Желтая тень упала на борющихся, и Владимир увидел Никиту Соколова с обнаженной шашкой в руке. Никита зажмурился и с силой рубанул по шее офицера. Хлынула кровь... Владимир спихнул с себя обмякшее тело врага, вскочил на ноги, огляделся. Красноармейцы бились врукопашную, пустив в ход винтовки с примкнутыми штыками.
– В артпарк, к минометам! – позвал Фурсов. – Выкатим минометы на руках...
Вид у него был страшный – весь в крови, в ранах, в ссадинах. Но голос уверенный, вселяющий надежду. За ним побежали. Артпарк стоял целехонек. Владимир в недоумении остановился: все горело, грохотало, взрывалось, а здесь затаилась предательская тишина. «Что за чертовщина?» – встревожился он. И обрадовался: раз уцелел артпарк, то целы и минометы. Но где же свои? И где старшина Кипкеев, где заряжающие?

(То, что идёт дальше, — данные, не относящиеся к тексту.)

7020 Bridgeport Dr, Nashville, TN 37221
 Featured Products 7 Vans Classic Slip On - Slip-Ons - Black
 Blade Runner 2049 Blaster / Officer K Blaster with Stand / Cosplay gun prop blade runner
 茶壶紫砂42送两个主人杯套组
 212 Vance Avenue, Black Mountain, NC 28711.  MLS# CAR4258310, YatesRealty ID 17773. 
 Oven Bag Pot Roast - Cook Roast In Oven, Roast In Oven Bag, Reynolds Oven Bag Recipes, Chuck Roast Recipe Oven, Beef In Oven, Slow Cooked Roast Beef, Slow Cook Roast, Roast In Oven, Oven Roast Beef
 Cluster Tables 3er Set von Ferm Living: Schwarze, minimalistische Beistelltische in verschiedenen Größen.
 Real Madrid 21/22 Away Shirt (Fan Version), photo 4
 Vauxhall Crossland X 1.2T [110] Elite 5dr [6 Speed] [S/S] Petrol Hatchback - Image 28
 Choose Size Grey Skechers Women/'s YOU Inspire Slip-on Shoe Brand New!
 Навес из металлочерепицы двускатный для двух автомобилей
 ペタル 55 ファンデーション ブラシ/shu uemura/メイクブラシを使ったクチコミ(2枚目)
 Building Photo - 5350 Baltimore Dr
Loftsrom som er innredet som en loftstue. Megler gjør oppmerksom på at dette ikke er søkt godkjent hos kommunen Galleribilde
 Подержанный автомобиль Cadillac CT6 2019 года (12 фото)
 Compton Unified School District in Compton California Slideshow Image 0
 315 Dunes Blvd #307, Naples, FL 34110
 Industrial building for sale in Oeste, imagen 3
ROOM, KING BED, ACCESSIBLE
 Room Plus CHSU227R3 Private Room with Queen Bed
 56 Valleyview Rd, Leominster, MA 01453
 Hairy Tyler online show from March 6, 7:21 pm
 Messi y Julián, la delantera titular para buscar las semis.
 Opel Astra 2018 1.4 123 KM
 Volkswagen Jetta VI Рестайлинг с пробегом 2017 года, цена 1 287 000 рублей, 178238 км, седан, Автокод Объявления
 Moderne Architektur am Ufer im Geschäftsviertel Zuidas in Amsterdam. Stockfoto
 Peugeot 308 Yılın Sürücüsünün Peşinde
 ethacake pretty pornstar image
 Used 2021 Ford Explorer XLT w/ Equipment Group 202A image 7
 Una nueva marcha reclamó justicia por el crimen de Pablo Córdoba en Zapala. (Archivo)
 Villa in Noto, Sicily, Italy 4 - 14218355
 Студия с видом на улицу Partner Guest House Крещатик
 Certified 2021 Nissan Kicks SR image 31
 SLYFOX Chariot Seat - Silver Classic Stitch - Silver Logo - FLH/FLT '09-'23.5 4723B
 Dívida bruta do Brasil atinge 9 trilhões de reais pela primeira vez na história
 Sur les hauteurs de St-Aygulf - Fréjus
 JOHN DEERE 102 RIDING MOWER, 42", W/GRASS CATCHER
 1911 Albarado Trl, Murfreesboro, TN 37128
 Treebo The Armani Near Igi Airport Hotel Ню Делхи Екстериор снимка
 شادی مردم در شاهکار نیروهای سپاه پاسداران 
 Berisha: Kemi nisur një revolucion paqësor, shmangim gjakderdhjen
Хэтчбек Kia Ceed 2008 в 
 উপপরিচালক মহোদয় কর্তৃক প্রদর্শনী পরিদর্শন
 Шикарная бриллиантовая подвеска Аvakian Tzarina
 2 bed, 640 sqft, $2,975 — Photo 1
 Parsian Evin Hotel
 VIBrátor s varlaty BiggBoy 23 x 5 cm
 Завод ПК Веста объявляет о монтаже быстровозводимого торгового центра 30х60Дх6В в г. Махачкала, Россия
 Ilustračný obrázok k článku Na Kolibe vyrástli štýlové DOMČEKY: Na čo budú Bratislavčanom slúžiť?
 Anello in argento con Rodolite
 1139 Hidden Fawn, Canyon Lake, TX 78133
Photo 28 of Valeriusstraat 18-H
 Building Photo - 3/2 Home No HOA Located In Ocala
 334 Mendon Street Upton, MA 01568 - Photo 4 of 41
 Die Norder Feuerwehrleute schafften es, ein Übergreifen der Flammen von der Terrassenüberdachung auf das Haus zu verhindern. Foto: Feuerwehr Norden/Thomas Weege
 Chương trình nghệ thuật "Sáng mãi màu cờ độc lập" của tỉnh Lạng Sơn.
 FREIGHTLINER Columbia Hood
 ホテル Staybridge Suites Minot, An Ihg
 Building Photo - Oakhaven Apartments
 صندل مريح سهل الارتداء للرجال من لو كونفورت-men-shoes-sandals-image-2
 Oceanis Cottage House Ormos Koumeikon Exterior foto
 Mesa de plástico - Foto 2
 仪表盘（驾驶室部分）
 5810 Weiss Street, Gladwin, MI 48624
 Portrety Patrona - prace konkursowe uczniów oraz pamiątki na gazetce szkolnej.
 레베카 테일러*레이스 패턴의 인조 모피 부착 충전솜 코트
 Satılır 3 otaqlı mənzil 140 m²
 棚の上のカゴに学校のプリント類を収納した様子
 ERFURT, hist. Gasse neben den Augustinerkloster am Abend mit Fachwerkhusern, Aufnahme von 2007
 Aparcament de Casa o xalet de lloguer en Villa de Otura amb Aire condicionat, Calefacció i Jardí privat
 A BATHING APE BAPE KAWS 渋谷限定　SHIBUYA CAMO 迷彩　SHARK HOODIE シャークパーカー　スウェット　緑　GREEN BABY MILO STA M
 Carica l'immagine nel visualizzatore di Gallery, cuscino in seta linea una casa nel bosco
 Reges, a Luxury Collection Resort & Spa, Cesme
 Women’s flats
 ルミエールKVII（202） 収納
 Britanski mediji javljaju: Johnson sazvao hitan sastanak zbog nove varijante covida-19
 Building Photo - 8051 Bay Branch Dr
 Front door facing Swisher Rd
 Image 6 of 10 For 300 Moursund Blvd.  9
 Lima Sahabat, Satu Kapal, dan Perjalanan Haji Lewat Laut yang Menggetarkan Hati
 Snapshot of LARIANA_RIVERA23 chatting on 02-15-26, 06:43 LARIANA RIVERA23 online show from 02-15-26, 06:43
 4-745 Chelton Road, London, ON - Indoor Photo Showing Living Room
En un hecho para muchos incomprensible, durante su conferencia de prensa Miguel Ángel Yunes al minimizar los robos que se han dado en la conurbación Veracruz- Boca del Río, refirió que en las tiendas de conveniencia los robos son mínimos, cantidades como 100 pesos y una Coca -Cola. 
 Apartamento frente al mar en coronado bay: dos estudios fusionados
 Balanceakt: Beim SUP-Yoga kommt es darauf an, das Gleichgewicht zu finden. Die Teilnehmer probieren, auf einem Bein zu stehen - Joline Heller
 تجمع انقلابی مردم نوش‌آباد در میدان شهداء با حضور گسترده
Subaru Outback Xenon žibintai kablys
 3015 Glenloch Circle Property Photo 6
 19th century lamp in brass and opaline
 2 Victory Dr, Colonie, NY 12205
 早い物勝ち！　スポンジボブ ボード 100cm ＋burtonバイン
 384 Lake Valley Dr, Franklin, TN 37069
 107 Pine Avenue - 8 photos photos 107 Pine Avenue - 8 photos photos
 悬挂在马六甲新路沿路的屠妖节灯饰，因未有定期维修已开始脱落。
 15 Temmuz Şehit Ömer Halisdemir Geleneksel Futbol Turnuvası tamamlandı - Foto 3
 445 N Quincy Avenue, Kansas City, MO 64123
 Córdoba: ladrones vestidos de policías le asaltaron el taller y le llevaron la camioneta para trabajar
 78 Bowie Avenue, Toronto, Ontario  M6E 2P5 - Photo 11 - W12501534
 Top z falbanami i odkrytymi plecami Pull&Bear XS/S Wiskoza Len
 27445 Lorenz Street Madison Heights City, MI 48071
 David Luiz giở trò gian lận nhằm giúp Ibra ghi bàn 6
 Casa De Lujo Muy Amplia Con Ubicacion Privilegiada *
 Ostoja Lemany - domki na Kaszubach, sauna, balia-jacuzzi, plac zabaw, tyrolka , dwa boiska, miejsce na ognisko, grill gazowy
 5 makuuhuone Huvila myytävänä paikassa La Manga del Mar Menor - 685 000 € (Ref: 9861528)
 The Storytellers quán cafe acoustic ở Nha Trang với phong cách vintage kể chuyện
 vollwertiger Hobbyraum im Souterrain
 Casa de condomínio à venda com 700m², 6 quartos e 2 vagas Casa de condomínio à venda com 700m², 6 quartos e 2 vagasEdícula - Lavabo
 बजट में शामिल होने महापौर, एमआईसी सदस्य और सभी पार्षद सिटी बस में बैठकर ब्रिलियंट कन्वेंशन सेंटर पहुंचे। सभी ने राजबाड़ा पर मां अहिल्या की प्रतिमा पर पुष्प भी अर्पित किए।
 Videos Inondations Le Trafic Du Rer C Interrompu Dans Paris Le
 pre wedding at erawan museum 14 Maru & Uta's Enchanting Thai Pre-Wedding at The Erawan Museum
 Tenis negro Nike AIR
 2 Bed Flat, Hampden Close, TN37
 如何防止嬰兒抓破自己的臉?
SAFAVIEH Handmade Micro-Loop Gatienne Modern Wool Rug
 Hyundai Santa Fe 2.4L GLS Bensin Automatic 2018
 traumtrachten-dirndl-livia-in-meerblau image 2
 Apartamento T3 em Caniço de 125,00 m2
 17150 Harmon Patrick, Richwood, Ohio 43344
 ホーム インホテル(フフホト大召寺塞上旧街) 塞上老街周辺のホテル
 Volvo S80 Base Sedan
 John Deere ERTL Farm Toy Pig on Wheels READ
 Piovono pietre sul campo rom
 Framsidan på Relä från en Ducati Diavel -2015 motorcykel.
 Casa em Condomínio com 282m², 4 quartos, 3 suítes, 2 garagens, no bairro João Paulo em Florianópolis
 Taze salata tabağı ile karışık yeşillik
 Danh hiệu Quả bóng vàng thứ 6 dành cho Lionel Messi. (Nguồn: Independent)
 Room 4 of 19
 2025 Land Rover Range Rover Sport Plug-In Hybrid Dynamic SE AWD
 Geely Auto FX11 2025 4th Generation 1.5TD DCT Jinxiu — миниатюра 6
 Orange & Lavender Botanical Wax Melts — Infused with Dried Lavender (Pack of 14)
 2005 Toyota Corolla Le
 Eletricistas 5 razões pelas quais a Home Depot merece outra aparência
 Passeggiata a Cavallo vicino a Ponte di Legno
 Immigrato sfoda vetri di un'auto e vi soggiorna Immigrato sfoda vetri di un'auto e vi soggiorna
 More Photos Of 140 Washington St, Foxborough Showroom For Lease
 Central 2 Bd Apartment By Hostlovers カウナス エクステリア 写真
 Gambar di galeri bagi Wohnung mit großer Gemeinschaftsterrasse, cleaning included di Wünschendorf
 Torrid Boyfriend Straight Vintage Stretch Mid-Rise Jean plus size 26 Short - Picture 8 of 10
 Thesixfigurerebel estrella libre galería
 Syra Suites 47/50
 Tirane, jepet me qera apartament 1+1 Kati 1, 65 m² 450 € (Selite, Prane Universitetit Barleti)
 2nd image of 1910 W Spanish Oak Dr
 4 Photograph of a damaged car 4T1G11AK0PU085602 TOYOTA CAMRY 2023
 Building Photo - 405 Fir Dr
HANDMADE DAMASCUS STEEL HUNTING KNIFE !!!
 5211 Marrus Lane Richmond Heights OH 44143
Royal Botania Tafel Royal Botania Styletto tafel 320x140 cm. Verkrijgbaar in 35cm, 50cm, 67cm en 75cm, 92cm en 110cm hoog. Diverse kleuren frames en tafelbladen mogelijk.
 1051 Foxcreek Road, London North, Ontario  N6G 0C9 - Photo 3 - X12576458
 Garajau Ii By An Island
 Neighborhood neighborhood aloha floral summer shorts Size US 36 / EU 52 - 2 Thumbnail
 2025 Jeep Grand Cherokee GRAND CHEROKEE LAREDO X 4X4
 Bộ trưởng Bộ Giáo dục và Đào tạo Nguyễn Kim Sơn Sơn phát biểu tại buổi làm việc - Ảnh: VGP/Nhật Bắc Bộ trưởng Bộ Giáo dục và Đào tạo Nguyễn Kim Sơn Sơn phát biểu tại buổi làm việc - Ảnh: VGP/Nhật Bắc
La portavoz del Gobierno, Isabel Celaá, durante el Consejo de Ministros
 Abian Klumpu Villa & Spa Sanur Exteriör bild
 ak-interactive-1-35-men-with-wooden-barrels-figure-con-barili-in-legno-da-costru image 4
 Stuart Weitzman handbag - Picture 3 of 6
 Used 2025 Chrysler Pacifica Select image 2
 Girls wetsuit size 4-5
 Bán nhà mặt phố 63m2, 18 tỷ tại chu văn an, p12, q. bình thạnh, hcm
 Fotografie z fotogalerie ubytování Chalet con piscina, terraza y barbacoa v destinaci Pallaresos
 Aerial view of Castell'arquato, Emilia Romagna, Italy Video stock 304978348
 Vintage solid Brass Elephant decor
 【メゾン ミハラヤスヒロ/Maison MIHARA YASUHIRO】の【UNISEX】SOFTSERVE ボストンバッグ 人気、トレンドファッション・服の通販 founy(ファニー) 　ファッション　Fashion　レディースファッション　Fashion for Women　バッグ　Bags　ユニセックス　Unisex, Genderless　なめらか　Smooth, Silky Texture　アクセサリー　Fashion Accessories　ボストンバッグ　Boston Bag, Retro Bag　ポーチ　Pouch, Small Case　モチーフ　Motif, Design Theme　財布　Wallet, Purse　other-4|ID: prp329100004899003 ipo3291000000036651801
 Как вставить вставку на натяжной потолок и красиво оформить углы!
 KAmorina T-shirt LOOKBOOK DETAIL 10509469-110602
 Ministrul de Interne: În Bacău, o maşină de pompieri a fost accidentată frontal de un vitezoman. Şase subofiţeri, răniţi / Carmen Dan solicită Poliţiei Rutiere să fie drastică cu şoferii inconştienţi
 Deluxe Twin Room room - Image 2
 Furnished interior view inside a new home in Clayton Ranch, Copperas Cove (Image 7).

Им наперерез, от складов боепитания вымахнул красноармеец Иван Арискин. Предупреждая беду, закричал:
– Назад... там засада!
«Лейтенант Полтораков предупреждал... а мы не успели: враги захватили артпарк», – корил себя Фурсов, не в силах остановиться, не в силах повернуть назад. За спиной, он это еще услышал, грохнул разрыв. И все кончилось для него. Второй раз за это воскресное утро.
– В боепитание, в боепитание! – кричал Иван Арискин, и все побежали туда, помогая бежать раненым.
Соколов и Нури Сыдыков волоком тащили Фурсова – по колючему песку, по острому гравию, словно терли его об терку. Здоровенного, крепко сбитого, тяжелого. На счастье, позади артпарка вспыхнула перестрелка, и, отвлеченные ею, немцы прекратили преследовать их.